Helping your baby rock in the real world
This is because during the final three months of pregnancy, the foetus is learning about sound patterns, including the music that buoys his mother’s mood, such as the signature tune of her favourite TV programme.
During this time, the foetus is also beginning to recognise the sound patterns that distinguish his or her mother’s voice from others.
Long before birth, the baby reacts to sound, touch and changes in taste and to its mother’s emotions.
These are some of the facts Professor Annette Karmiloff Smith will discuss at the launch of a Pampers World of Babies event today, where a specially designed simulation unit will allow parents to experience the different stages of babies’ development from womb to age four.
Prof Karmiloff Smith, a Pampers Institute member and head of the Neurocognitive Development Unit at the Institute of Child Health in London, said babies’ reaction to sound during pregnancy can be measured by monitoring leg kicks and heart rate.
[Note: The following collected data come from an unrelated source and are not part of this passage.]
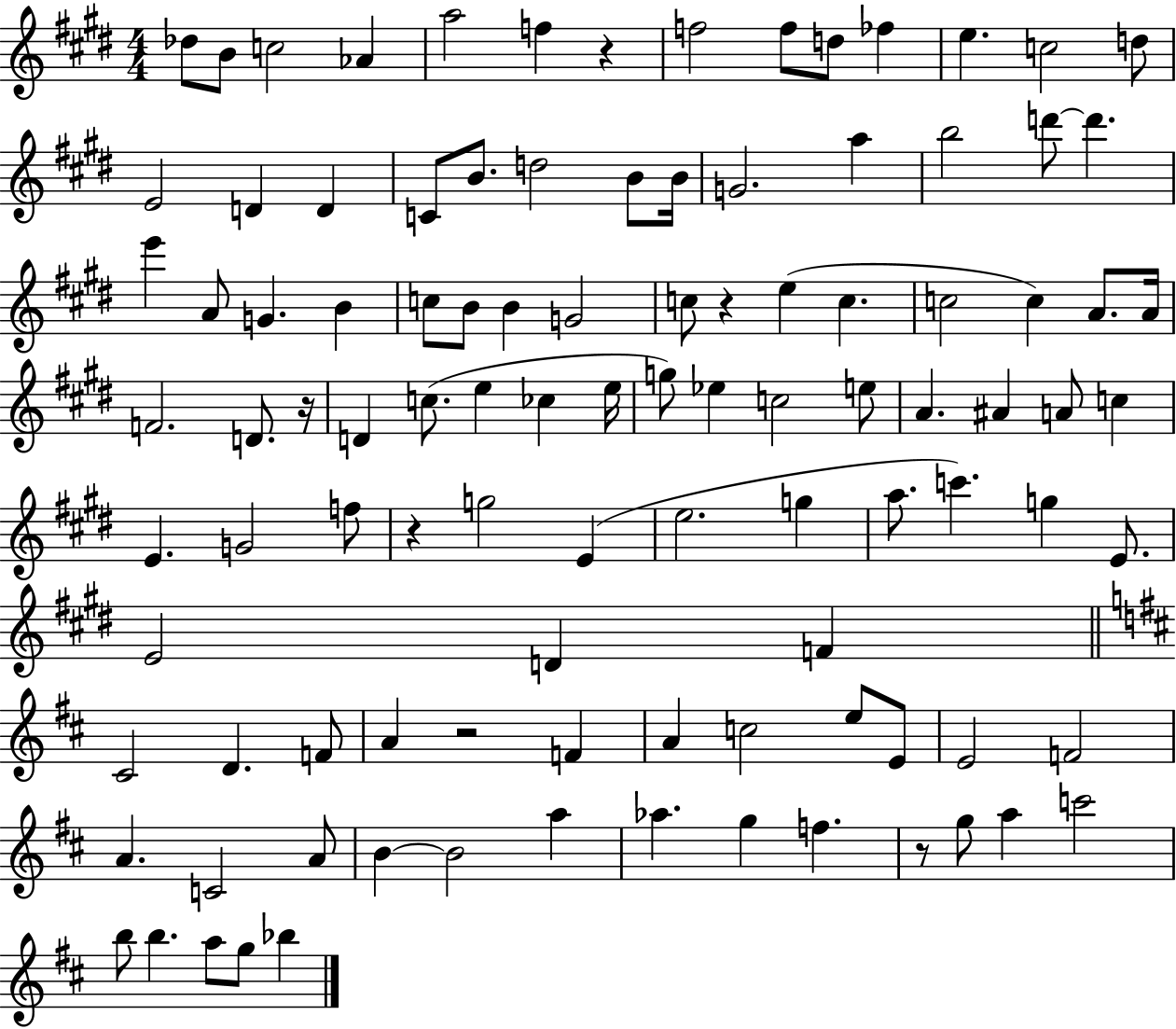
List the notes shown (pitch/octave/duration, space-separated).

Db5/e B4/e C5/h Ab4/q A5/h F5/q R/q F5/h F5/e D5/e FES5/q E5/q. C5/h D5/e E4/h D4/q D4/q C4/e B4/e. D5/h B4/e B4/s G4/h. A5/q B5/h D6/e D6/q. E6/q A4/e G4/q. B4/q C5/e B4/e B4/q G4/h C5/e R/q E5/q C5/q. C5/h C5/q A4/e. A4/s F4/h. D4/e. R/s D4/q C5/e. E5/q CES5/q E5/s G5/e Eb5/q C5/h E5/e A4/q. A#4/q A4/e C5/q E4/q. G4/h F5/e R/q G5/h E4/q E5/h. G5/q A5/e. C6/q. G5/q E4/e. E4/h D4/q F4/q C#4/h D4/q. F4/e A4/q R/h F4/q A4/q C5/h E5/e E4/e E4/h F4/h A4/q. C4/h A4/e B4/q B4/h A5/q Ab5/q. G5/q F5/q. R/e G5/e A5/q C6/h B5/e B5/q. A5/e G5/e Bb5/q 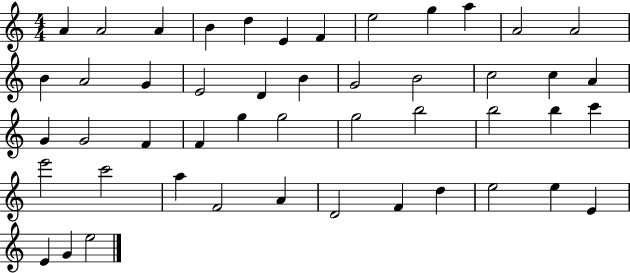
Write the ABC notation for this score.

X:1
T:Untitled
M:4/4
L:1/4
K:C
A A2 A B d E F e2 g a A2 A2 B A2 G E2 D B G2 B2 c2 c A G G2 F F g g2 g2 b2 b2 b c' e'2 c'2 a F2 A D2 F d e2 e E E G e2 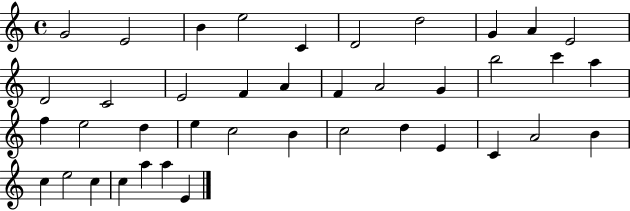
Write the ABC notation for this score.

X:1
T:Untitled
M:4/4
L:1/4
K:C
G2 E2 B e2 C D2 d2 G A E2 D2 C2 E2 F A F A2 G b2 c' a f e2 d e c2 B c2 d E C A2 B c e2 c c a a E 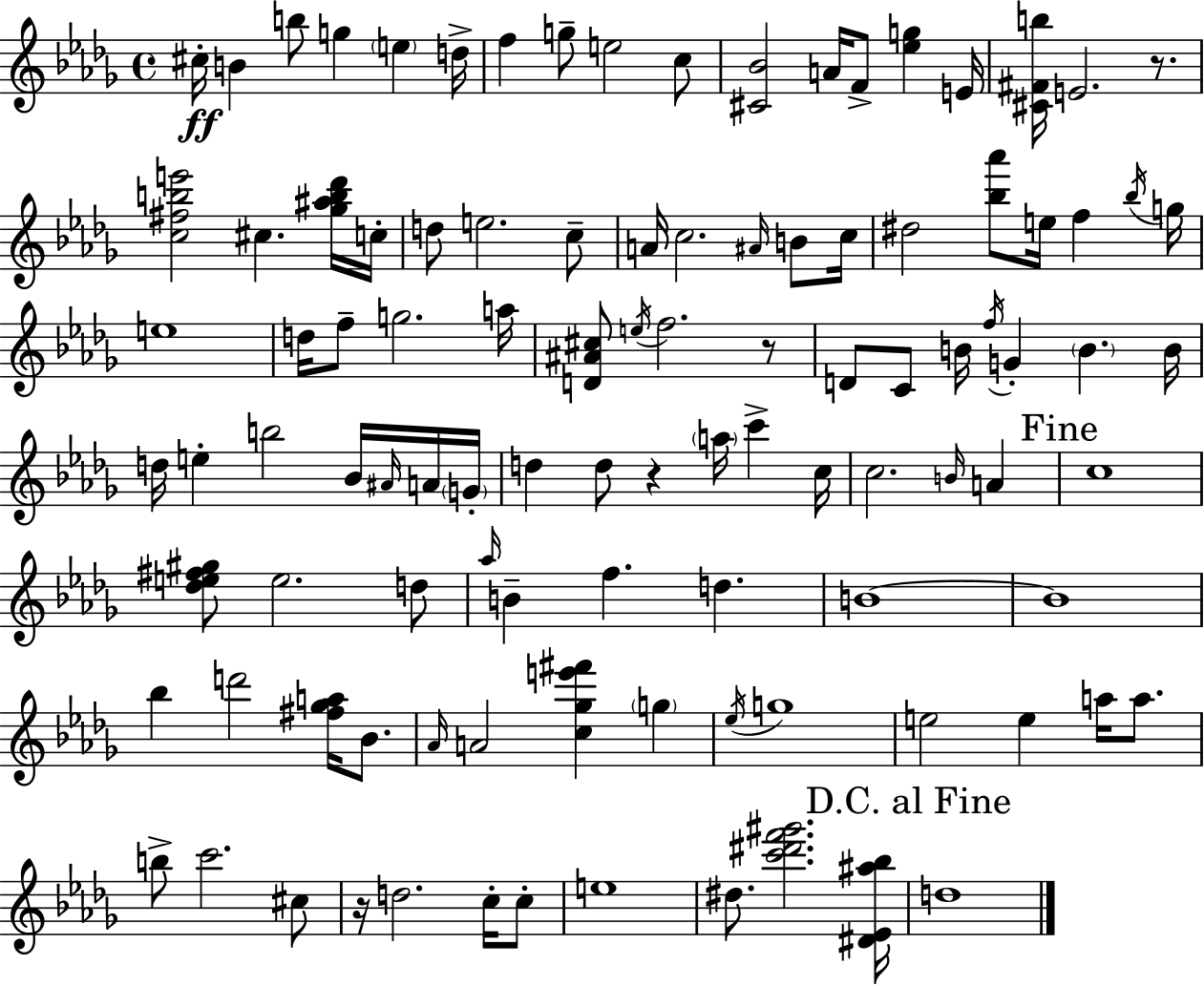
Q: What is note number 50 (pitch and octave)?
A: G4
After birth, babies given headphones were shown to suck harder on their dummies when hearing their mother’s voice or music she regularly exposed them to while in the womb.
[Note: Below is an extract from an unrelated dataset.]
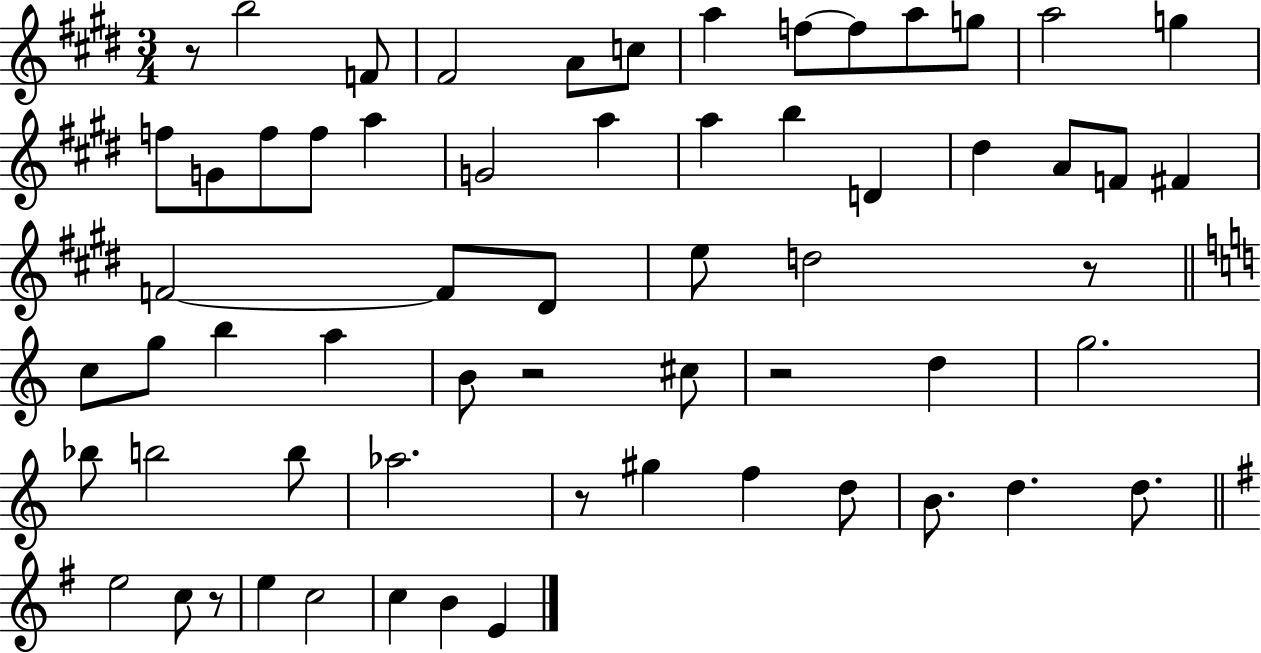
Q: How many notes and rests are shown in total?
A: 62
They also react to the mother’s mood in the womb.
“Our bodies give out chemicals which affect our moods and these effect the foetus through the placenta,” Prof Karmiloff Smith said.
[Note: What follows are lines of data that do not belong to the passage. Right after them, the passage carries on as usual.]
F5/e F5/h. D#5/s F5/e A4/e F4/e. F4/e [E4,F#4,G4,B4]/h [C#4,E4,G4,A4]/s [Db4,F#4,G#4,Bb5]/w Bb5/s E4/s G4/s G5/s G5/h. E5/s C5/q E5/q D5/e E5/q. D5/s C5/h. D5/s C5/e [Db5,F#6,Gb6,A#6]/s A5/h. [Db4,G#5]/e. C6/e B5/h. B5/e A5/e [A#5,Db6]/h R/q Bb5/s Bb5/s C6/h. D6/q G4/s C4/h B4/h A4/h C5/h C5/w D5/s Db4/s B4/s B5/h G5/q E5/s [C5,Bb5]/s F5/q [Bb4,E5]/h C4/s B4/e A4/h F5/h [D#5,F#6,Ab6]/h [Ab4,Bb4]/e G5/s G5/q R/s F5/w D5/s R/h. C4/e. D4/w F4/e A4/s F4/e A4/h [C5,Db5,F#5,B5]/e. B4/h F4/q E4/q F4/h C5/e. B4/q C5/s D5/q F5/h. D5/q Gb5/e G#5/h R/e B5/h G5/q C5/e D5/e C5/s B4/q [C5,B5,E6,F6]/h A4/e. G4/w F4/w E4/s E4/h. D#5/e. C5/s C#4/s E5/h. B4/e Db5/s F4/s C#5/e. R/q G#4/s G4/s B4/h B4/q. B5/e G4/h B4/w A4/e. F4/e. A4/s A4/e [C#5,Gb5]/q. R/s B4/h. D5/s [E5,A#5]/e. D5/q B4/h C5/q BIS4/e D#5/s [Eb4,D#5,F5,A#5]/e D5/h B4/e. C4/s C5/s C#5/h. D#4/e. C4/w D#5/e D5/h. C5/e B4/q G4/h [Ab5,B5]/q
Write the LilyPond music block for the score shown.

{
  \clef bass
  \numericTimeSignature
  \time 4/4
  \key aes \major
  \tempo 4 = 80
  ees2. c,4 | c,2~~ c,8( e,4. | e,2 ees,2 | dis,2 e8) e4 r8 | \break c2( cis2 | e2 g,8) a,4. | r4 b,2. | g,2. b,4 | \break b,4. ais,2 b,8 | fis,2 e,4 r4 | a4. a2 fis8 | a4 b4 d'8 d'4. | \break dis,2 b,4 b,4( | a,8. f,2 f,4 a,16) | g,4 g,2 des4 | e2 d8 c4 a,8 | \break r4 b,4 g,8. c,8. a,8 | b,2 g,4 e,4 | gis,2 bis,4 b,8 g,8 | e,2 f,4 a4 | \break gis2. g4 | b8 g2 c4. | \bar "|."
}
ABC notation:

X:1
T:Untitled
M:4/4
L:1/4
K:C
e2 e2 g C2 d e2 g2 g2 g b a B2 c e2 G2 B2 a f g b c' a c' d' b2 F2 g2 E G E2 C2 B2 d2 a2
Sleep is highly significant for a baby’s cognitive development during the first 12 months of life.
“They spend a lot of time sleeping, during which we believe they are consolidating the memories of their life experiences.
“They don’t get a chance to do this during the day because they are being bombarded by all sorts of stimuli, so often the brain is more active during sleep in the early months of life,” Prof Karmiloff Smith said.
To aid their babies’ cognitive development, parents should continually expose them to lots of stimuli.
“Also, you should allow them put anything that is safe into their mouth, because at this time, the nerve ends in their mouths are far more sensitive than in their hands, so putting things in their mouth helps them find out what they are,” she added.
To help parents understand their baby, Pampers have developed a giant ‘caterpillar’ of interlinked pods which take the visitor through different stages of a baby’s development.
The journey through the caterpillar features: the Womb Pod, where sound effects mimic a mother’s heartbeat and gurgling tummy; the Sense Pod with oversized cot and mobile, allowing adults to experience life as a newborn baby; the Explore Pod featuring a wobbly floor to show how hard it is for a baby to walk; a Learn Pod where adults can try writing with wobbly pencils, demonstrating the challenges babies face fine-tuning motor development skills; and the Conquer Pod where adults are faced by a giant loo and basin.
* The Pampers World of Babies event will be open to the public on Wednesday, February 22, from 9am to 5pm at Dunnes Stores Cornelscourt, Dublin 18.